### [What you should do]
From the entries below, please output exactly the lines starting at the one containing "Read Someone Stop" and ending at the one containing "Our Fate Forsaken", both included.

### [Exercise inputs]
□ □ □ □ □ □ □

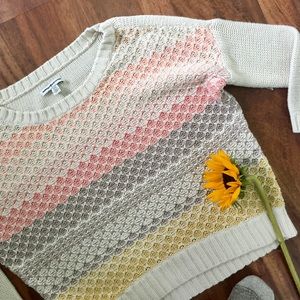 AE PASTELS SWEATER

□ □ □ □ □ □ □

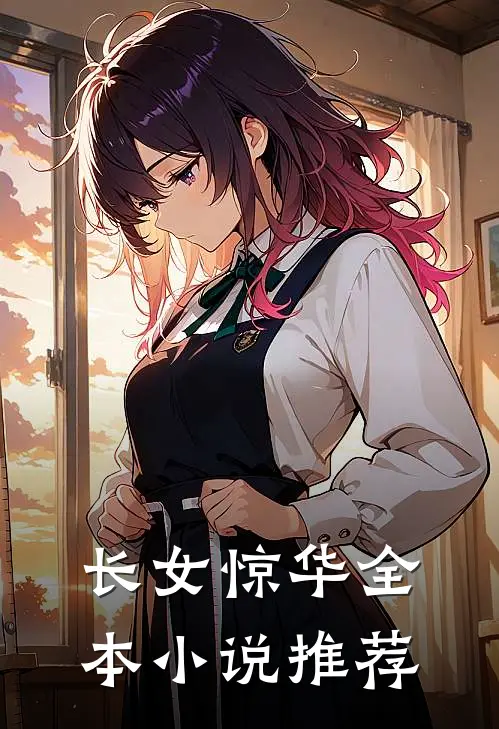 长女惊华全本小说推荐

□ □ □ □ □ □ □

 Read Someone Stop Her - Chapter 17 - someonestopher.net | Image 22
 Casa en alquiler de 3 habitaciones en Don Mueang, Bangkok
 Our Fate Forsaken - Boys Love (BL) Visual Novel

□ □ □ □ □ □ □

### [Exercise response]
 Read Someone Stop Her - Chapter 17 - someonestopher.net | Image 22
 Casa en alquiler de 3 habitaciones en Don Mueang, Bangkok
 Our Fate Forsaken - Boys Love (BL) Visual Novel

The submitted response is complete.